* **TASK GOAL**:
Look through the lines below, find those with the word "shower", and copy them.

* **GIVEN RECORDS**:

────

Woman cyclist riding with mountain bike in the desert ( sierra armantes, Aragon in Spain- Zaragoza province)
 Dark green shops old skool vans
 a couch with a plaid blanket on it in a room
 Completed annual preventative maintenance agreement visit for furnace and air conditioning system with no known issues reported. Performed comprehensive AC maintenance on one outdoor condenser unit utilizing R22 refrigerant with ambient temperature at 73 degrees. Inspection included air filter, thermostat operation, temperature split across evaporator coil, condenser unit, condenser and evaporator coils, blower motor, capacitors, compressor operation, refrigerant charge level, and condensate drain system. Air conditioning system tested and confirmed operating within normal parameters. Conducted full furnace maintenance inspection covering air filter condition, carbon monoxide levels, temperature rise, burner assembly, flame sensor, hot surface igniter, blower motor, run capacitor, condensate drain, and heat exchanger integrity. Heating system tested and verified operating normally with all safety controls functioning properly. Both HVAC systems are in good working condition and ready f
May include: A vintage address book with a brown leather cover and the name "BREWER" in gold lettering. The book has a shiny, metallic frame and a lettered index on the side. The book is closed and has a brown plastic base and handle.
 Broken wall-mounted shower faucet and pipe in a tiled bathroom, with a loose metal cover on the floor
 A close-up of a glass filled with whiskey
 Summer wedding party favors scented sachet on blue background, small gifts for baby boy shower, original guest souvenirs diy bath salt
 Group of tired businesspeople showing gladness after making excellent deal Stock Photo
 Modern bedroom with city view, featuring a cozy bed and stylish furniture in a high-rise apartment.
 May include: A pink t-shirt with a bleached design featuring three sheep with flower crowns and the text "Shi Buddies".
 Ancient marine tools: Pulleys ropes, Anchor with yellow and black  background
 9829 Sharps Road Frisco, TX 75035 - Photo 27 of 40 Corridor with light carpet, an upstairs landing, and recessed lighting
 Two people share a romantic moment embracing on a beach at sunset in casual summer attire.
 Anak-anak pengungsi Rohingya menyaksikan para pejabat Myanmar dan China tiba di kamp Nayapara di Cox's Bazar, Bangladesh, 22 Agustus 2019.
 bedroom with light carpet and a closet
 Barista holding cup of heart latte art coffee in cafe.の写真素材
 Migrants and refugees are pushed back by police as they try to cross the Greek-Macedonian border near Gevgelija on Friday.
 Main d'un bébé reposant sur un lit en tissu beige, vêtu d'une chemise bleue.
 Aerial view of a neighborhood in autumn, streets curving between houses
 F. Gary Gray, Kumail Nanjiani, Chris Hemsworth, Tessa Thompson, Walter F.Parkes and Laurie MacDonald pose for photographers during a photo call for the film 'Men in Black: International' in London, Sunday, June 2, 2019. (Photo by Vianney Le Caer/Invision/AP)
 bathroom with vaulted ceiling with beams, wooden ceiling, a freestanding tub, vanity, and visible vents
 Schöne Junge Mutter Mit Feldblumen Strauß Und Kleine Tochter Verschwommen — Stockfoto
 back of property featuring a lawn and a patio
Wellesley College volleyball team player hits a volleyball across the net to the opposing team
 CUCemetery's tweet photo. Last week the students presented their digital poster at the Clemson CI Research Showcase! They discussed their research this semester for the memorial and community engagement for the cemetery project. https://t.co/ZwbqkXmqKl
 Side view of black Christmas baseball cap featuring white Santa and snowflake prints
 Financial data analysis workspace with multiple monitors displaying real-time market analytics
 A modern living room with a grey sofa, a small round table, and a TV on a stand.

────

* **ANSWER SECTION**:
 Broken wall-mounted shower faucet and pipe in a tiled bathroom, with a loose metal cover on the floor
 Summer wedding party favors scented sachet on blue background, small gifts for baby boy shower, original guest souvenirs diy bath salt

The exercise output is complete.